A gente desta laia o poeta João Vário chamava de passadores de pau. Mas sem dúvida nenhuma que o Estado mais uma vez se pôs a jeito. Ainda em Cabo Verde, quando se busca um técnico em qualquer área, a primeira questão a se querer conhecer é a sua pertença ou simples simpatia pelo PAICV ou pelo MpD. E definida essa parte importante, logo abunda a competência para seja o que for. O presidente Aristides Pereira repetia sempre que a única riqueza de Cabo Verde é a sua gente. E a mim sempre me ocorria quando o ouvia, por isso somos tão pobres! Mas honra seja feita, o advogado Simão Monteiro parece ter-se portado briosamente na defesa dos interesses de Cabo Verde, não se lhe pode lançar desdouro. Pena foi ele ter borrado a pintura ao isentar o ministro da obrigação de ler o texto final do contrato. Tinha sim esse dever, se não por imperativo da função, pelo menos por brio pessoal. Todos aprendemos na faculdade que in claris non fit interpretion. Mas também aprendemos que só depois de ler e interpretar é que podemos concluir que não é necessária nenhuma interpretação particular.
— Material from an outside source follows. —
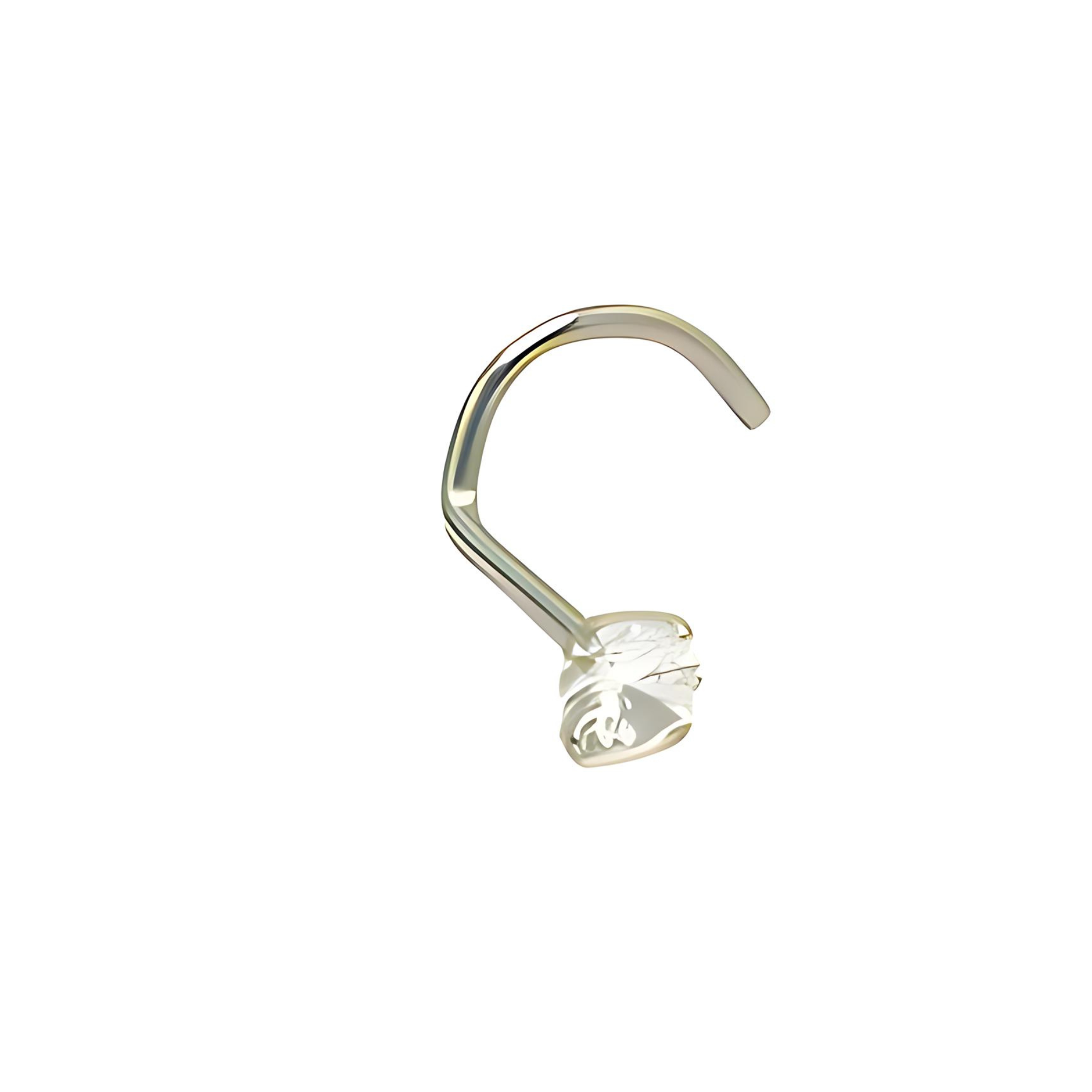PIERCING NOSTRIL 3MM TIPO S TITANIO ASTM F136 20G NARIZ - 1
O Governo prometeu “defender o Estado até ao limite” neste desonroso caso de indemnização à CV Interilhas. Desonroso porque desde que entrou a operar, a CVI mostrou não pertencer à classe de gente séria, veio para aqui passar-nos pau e afincou-se nessa prática. Mas o que verdadeiramente mais se estranha é a falta de vergonha de ver os maiores incumpridores neste contrato a pedir e a ganhar indemnização por incumprimento. É de um cinismo que parece não ter qualquer limite. Será que nós ficámos assim tão estúpidos! Até parece que o Évora tem razão diante de tanta incúria. Porque nada justifica ter uma sociedade de capital maioritariamente estrangeiro, com um caderno de encargos cujo cumprimento ficou em zero. Com um governo a sério no país, esse contrato há muito deveria ter sido denunciado, pois que afretar navios velhos a uma empresa chamada ETE está ao alcance de qualquer aprendiz de armador.
Esse malfadado contrato que redundou em prejuízo para a maioria dos armadores nacionais e para toda a população que se movimenta entre as ilhas, causou graves danos à economia nacional. Poderia servir de prova de que não se constrói um país com pessoal estrangeiro, mas como não são os primeiros a passar-nos pau, certamente não serão os últimos.